On Mon, 2022-11-14 at 06:32 -0700, Tom Tromey wrote:
> > > > > > "Philippe" == Philippe Waroquiers <philippe.waroquiers@skynet.be> writes:
> 
> Philippe> At work, I relatively often use ptype/o for Ada types.
> Philippe> As it only works in C mode, as part of our zillions of site aliases,
> Philippe> we have added:
> Philippe>   alias Wc = with language c -- with annotate 0 --
> Philippe> (where annotate 0 avoids spurious language switch messages in the output).
> 
> Philippe> So, waiting for Adacore to implement ptype/o for Ada (hint hint :)),
> Philippe> we use e.g.  
> Philippe>   (gdb) Wc ptype/o sometype
> 
> I've considered it, and maybe the basics aren't too hard to do, but I
> didn't really know what to do with types that have a dynamic layout.

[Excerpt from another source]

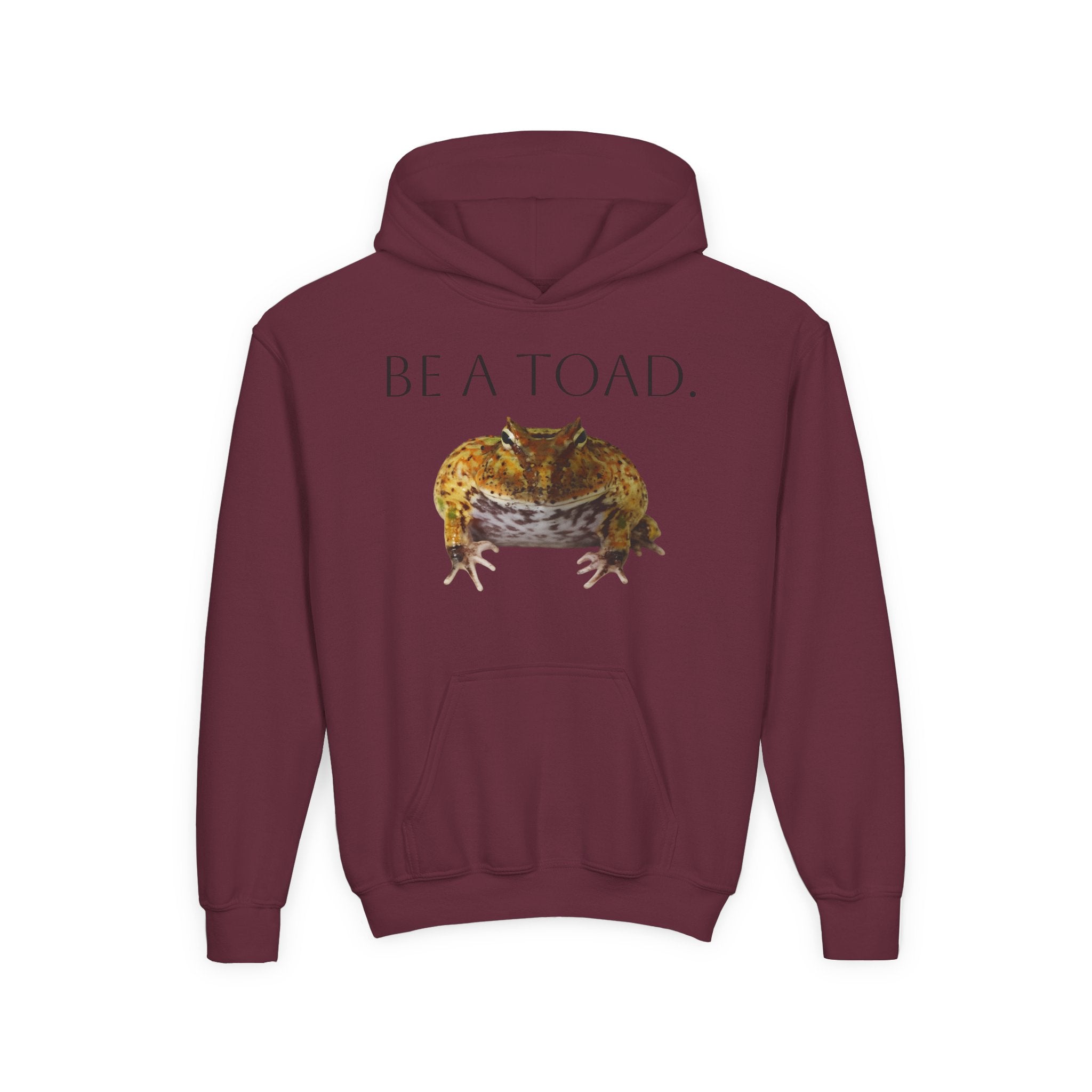 Be a Toad Frog Illustration Hoodie | Youth Pullover Hooded Sweatshirt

> Here the offsets would maybe have to be symbolic (which I'd suppose is a
> pain to implement) and holes couldn't really be determined.

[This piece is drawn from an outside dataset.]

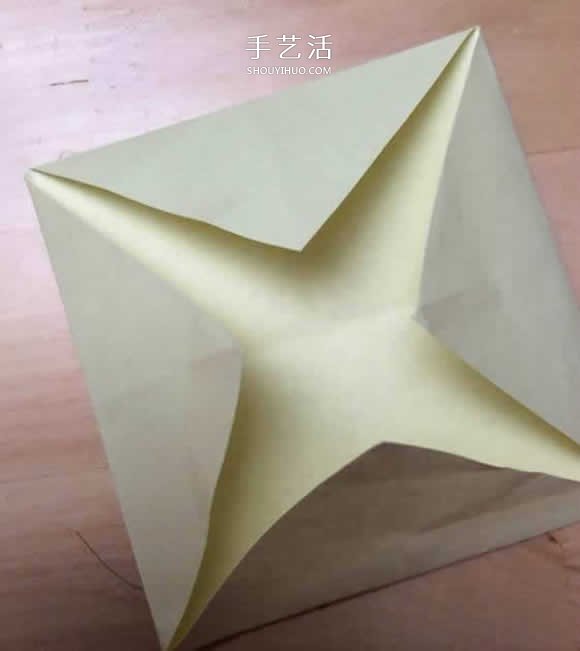 旋转纸陀螺怎么折图解 简单花型陀螺折纸教程(图27) 旋转纸陀螺怎么折图解 简单花型陀螺折纸教程(图27)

Effectively, Ada types can have a very rich/sophisticated layout.
When I really need to have a in depth look at a complex type representation,
the compiler option -gnatR3 produces this (including the symbolic offsets
where needed, and "formulas" to compute offsets).
> 
> Maybe gdb could just print a warning in this scenario and drop the '/o'
> modifier.  That might be easier to do.
Currently, ptype /o an_ada_type just prints the type, without the offsets.
I have no problem with this behaviour, but producing a warning that /o
is ignored in Ada mode will not harm).

Thanks
Philippe



  reply	other threads:[~2022-11-14 20:05 UTC|newest]

Thread overview: 7+ messages / expand[flat|nested]  mbox.gz  Atom feed  top
2022-11-08 20:14 Tom Tromey
2022-11-08 21:19 ` Keith Seitz
2022-11-09 15:28   ` Tom Tromey
2022-11-11 19:50     ` Philippe Waroquiers
2022-11-14 13:32       ` Tom Tromey
2022-11-14 20:05         ` Philippe Waroquiers [this message]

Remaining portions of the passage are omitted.